# Work instructions:
Starting with the line that contains "TENBST Portafoglio Uomo" and stopping after the line that contains "FORT WORTH & DENVER CITY RAILWAY CO PASS", copy the entries below exactly. Include nothing else.
------ The input ------
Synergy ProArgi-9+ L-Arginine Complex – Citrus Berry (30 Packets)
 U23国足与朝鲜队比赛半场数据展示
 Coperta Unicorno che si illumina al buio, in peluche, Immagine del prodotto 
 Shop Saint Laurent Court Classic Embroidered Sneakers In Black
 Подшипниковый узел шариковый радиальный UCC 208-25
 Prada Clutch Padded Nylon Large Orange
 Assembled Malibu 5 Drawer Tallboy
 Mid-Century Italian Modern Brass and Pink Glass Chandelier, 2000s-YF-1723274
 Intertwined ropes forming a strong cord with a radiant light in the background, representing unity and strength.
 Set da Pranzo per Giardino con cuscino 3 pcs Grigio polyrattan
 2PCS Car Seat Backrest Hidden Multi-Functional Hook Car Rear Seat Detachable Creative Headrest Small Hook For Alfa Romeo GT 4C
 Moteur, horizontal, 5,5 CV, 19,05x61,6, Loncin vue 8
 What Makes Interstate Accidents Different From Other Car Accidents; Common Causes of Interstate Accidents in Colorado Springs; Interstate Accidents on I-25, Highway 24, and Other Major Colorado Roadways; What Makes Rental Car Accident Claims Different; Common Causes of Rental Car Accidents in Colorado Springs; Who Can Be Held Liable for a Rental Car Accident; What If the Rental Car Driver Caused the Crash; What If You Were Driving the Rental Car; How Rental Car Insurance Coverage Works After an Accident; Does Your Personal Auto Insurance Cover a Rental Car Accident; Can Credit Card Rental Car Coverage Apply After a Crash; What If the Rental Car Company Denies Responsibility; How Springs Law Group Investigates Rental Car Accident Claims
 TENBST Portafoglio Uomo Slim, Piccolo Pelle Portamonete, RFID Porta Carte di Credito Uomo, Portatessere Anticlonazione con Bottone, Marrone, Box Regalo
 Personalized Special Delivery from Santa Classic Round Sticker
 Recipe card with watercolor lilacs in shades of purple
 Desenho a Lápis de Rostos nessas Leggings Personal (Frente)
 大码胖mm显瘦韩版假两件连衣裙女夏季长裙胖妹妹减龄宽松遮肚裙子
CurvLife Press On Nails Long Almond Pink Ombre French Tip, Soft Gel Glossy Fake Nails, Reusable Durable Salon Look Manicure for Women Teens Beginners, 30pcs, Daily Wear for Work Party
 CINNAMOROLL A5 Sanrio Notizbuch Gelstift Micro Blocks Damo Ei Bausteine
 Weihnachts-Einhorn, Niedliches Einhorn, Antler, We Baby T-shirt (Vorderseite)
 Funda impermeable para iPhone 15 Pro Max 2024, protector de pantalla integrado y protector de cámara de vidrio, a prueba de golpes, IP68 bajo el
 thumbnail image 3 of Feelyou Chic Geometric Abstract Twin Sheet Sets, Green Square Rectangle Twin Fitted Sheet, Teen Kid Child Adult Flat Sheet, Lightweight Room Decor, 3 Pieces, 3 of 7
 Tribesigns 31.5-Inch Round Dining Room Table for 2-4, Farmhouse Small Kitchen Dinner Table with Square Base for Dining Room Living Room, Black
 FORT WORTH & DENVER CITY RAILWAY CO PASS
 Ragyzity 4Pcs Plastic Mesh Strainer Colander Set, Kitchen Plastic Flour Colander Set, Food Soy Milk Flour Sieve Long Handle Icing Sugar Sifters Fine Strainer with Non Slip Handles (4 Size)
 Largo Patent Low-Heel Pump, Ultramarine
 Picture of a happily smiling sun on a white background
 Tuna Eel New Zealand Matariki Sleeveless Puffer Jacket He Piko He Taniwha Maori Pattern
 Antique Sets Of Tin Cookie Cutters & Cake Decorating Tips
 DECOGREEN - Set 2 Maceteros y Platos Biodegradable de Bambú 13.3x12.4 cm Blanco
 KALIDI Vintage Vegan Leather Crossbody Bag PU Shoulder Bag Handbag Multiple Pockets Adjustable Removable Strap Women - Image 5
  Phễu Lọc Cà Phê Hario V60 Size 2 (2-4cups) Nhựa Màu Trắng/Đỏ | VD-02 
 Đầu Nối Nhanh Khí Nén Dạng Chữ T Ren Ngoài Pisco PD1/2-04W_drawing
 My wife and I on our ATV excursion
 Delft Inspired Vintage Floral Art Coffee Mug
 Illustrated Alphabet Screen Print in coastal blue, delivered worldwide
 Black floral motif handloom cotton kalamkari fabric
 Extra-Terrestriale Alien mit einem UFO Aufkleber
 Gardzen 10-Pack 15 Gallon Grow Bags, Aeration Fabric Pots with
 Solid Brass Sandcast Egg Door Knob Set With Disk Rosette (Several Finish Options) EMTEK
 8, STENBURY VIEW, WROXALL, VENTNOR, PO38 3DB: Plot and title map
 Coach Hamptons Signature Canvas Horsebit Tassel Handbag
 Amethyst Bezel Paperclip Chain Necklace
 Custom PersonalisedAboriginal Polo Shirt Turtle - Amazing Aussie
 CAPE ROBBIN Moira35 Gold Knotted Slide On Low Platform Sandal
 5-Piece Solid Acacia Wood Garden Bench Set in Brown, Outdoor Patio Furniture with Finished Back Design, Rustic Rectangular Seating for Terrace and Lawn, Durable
------
# Result of this task:
 TENBST Portafoglio Uomo Slim, Piccolo Pelle Portamonete, RFID Porta Carte di Credito Uomo, Portatessere Anticlonazione con Bottone, Marrone, Box Regalo
 Personalized Special Delivery from Santa Classic Round Sticker
 Recipe card with watercolor lilacs in shades of purple
 Desenho a Lápis de Rostos nessas Leggings Personal (Frente)
 大码胖mm显瘦韩版假两件连衣裙女夏季长裙胖妹妹减龄宽松遮肚裙子
CurvLife Press On Nails Long Almond Pink Ombre French Tip, Soft Gel Glossy Fake Nails, Reusable Durable Salon Look Manicure for Women Teens Beginners, 30pcs, Daily Wear for Work Party
 CINNAMOROLL A5 Sanrio Notizbuch Gelstift Micro Blocks Damo Ei Bausteine
 Weihnachts-Einhorn, Niedliches Einhorn, Antler, We Baby T-shirt (Vorderseite)
 Funda impermeable para iPhone 15 Pro Max 2024, protector de pantalla integrado y protector de cámara de vidrio, a prueba de golpes, IP68 bajo el
 thumbnail image 3 of Feelyou Chic Geometric Abstract Twin Sheet Sets, Green Square Rectangle Twin Fitted Sheet, Teen Kid Child Adult Flat Sheet, Lightweight Room Decor, 3 Pieces, 3 of 7
 Tribesigns 31.5-Inch Round Dining Room Table for 2-4, Farmhouse Small Kitchen Dinner Table with Square Base for Dining Room Living Room, Black
 FORT WORTH & DENVER CITY RAILWAY CO PASS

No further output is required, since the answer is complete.